During the tour, Genovese guided residents through crowded administrative offices, where district employees shared whatever open space remained around file cabinets and piles of storage boxes that spilled out into corridors and crowded every nook and cranny of the old building.
Amid still-existing evidence of the building’s former status as a school, such as blackboards and other fixtures, stood storage boxes, old overhead projectors, office supplies and surplus electronic equipment in a labyrinth of hallways. Visitors had to step up then down then around before backtracking and doing it all over again, in order to get from one side of the building to the other.
Exposed pipes still covered with asbestos, water stains on the ceilings, cinder block walls, peeling paint and an oil burner sharing space in the basement with maintenance supplies all spoke of the building’s inadequate space.
The crowded conditions were one reason why school officials quickly decided to abandon the Tarbell for the roomier and better maintained Prescott School building on Main Street.
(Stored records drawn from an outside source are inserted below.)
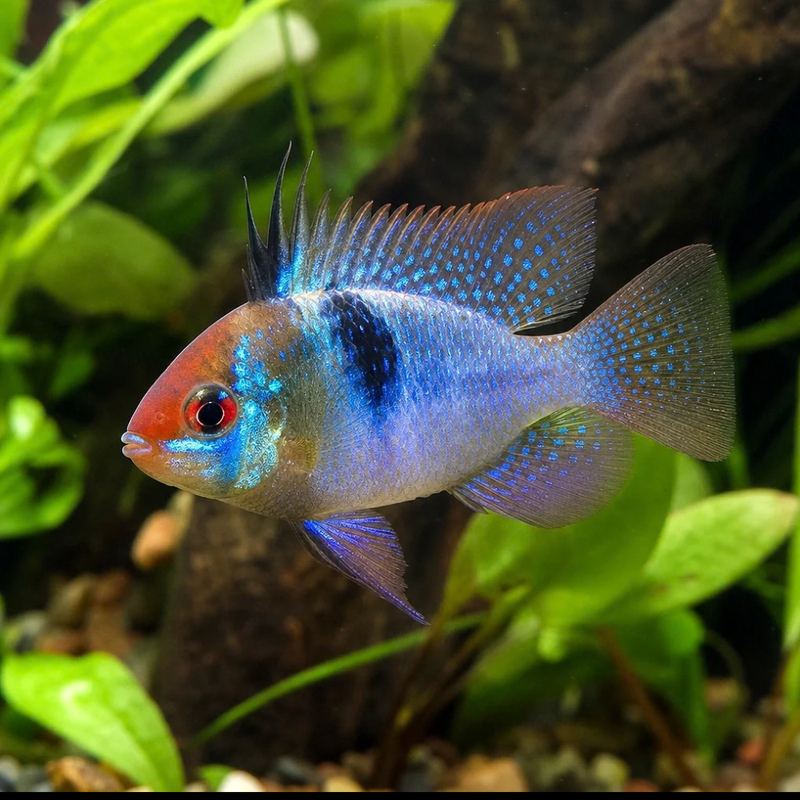 Blue Ram | Mikrogeophagus ramirezi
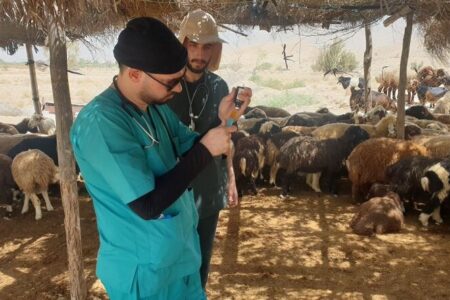 درمان رایگان ۱۲ هزار دام توسط جهادگران دامپزشکی در شهرستان دیر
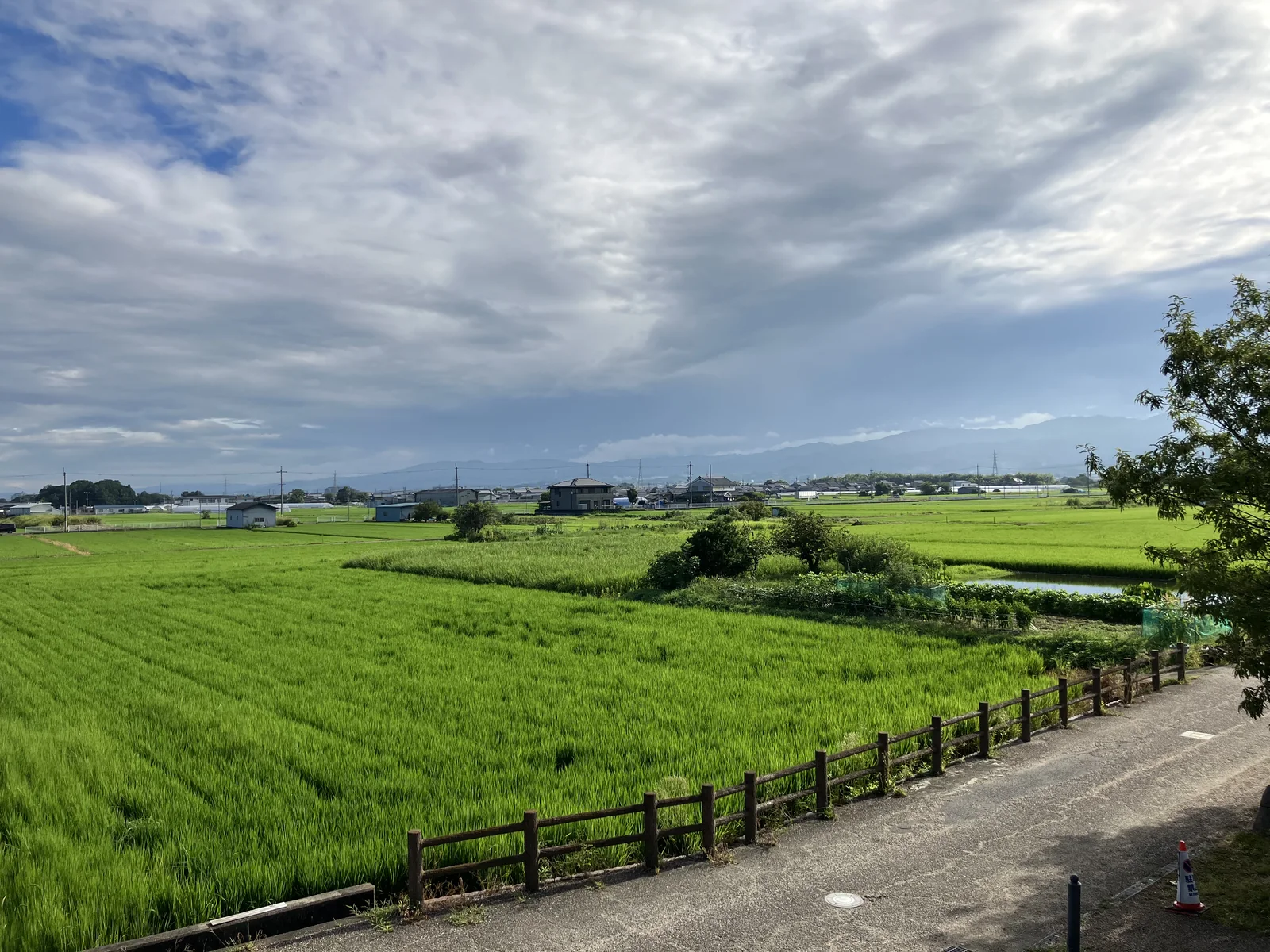 唐古・鍵遺跡周辺の広い耕地を見渡す景観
The decision to leave the Tarbell building, however, left the town with a dilemma: What to do with a 95-year-old structure that was no longer needed by the School Department?
Although renovating the building for use as affordable housing or using it for municipal offices has been discussed, town officials decided to hold last weekend’s tour and public hearing in order to solicit more ideas from the public.
Those who followed officials back to the Senior Center after the walk-through were not shy about offering ideas, including making the 8,000-square-foot building an artists’ collaborative, using it for continuing education or day care, or as a satellite library, or converting it into commercial/office space.
“It’s structurally sound,” resident Al Wyatt observed. “The roof does need to be replaced as well as some of the windows. I think it’s too small for a school but it would make a great site for affordable housing.”
“I certainly think the building should be saved,” an emphatic Nancy Turkle noted. “It’s historic and is still sturdy. I think it can be converted to affordable housing, at least. But it really should be preserved because it’s part of this neighborhood.”
“It is a landmark,” agreed Selectman Anna Eliot, who joined fellow board member Fran Dillon on the walk-through.
Dillon, a former student at Tarbell, was impressed with the turnout for the tours.
“It shows that there is a lot of community interest in what happens to the school building,” Dillon said.
Last Saturday’s public hearing ended in a bull session, where residents were given details on the Tarbell School building, a summation of the reasoning behind the school district’s decision to move its offices, and assurances that the district would continue to honor its lease with the town to maintain the building until its fate has been decided.
Concerns raised by residents at the public hearing included preserving the existing playground and the architectural integrity of the school, increased traffic as a result of creating a new use for the building, and increased density in the residential neighborhood.
Following the hearing, selectmen were expected to confer with the Town Building Committee to discuss options and strategy on what to do with the Tarbell School.